Vi cómo las gentes agradecidas volvían en las semanas posteriores para llevarle algún regalo, que nunca cobraba absolutamente nada, y para decirle que la recuperación del enfermo había sido inmediata. Por lo tanto, llevaban a mi abuelo la mayoría de las veces, pan, queso, dulces, nunca dinero. He de decir que mi abuelo curaba a los animales cuando tenían mal de ojo, que también se daba el caso.
Supongo que se corrió la voz y la fama de mi abuelo en ese sentido creció porque fueron muchas las personas que acudieron a él, en su mayoría compatriotas canarios que al igual que él, habían emigrado a Venezuela.

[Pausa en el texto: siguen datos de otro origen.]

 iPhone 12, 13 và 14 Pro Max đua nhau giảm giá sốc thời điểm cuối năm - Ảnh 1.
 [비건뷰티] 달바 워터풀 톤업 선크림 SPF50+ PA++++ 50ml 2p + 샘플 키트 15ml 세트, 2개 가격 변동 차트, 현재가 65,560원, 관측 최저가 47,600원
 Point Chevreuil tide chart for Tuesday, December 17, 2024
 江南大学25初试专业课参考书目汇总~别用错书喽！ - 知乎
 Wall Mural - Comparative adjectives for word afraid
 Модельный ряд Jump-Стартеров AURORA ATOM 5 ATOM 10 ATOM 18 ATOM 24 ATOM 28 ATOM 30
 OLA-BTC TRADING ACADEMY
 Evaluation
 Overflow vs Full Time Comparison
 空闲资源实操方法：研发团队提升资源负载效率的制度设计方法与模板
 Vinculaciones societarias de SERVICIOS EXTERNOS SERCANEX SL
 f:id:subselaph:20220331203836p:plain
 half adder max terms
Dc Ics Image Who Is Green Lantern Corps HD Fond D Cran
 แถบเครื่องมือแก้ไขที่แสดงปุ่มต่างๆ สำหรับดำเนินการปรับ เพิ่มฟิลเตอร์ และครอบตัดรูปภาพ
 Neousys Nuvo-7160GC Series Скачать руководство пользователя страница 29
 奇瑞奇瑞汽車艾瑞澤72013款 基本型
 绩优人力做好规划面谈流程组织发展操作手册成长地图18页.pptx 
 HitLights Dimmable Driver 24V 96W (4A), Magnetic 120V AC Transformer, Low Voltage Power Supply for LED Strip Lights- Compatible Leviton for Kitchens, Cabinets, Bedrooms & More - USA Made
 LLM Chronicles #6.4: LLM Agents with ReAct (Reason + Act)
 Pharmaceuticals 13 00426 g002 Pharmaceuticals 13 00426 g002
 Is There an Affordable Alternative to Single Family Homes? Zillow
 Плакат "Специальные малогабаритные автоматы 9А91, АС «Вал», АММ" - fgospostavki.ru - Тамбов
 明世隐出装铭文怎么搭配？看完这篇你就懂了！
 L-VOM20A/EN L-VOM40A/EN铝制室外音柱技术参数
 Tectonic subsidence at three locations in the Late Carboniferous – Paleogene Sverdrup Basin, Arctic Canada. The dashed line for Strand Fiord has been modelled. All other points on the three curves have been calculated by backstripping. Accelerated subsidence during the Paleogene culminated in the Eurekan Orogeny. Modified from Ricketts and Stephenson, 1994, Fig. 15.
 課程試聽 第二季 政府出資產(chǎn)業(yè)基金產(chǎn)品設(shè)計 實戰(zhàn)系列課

En alguna oportunidad, siendo yo ya una adolescente, me dijo que me enseñaría la oración para que yo también aprendiera a curar el mal de ojo, pero esto nunca sucedió. Murió y me quedé con las ganas de aprenderla y con varias incógnitas sobre su vida.
Nació en Tijarafe, La Palma, en una época difícil para estas islas. Perdió su vista siendo un niño, recuperándola nuevamente, fue a la guerra civil española en la cual perdió parte de la audición, emigró a Venezuela y, a pesar de todos estos acontecimientos de su vida, tuvo la fortaleza suficiente para dedicarse a ayudar a los demás. Me hubiese encantado saber, quién le enseñó a rezar el mal de ojo, cómo descubrió esa habilidad de curar a la gente, qué sentía cuando lo hacía y por qué creyó que yo podría hacerlo también. ¡Cuánto te extraño abuelo!
Concluyo diciendo que las costumbres de nuestros ancestros constituyen todo un legado lleno de misterio y sabiduría. Quizás ellos, al no tener el avance de los tiempos modernos, tuvieron que desarrollar fuerzas naturales y utilizar la energía del cuerpo humano y elementos de la naturaleza para curar y convertirse en verdaderos guardianes de la sobrevivencia y continuidad de la vida.